Requirement »
Write out the following listing's lines from the one with "Подвесной светильник Ambrella" to the one with "Engine Sprocket 25 Tooth", exactly, with both included and no others.

Listed records »
+ + + + +

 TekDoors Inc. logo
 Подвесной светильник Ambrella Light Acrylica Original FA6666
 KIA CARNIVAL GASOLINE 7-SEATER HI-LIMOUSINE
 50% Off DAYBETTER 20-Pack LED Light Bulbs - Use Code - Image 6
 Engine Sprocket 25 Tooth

+ + + + +

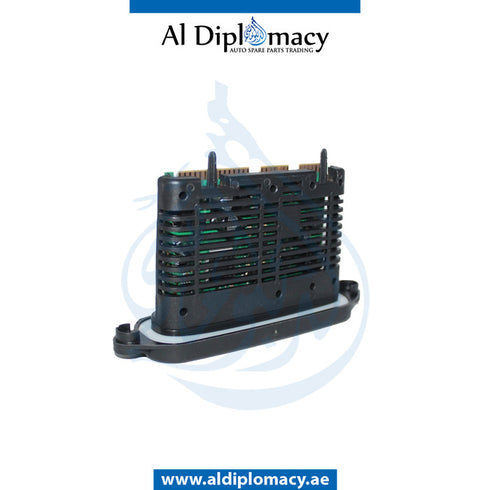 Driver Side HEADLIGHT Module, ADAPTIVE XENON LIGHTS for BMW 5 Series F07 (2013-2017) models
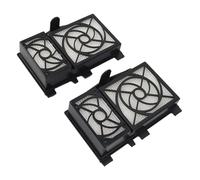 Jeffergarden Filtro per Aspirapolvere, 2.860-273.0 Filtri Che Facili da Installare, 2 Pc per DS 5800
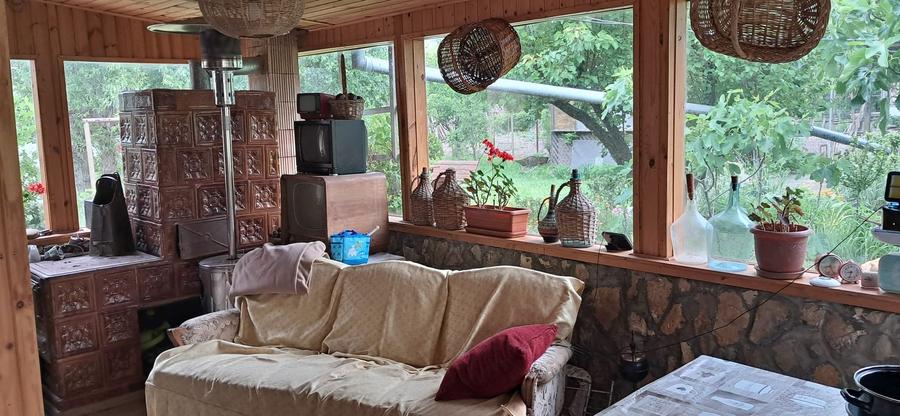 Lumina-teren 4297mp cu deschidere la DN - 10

+ + + + +

Solution to this task »
 Подвесной светильник Ambrella Light Acrylica Original FA6666
 KIA CARNIVAL GASOLINE 7-SEATER HI-LIMOUSINE
 50% Off DAYBETTER 20-Pack LED Light Bulbs - Use Code - Image 6
 Engine Sprocket 25 Tooth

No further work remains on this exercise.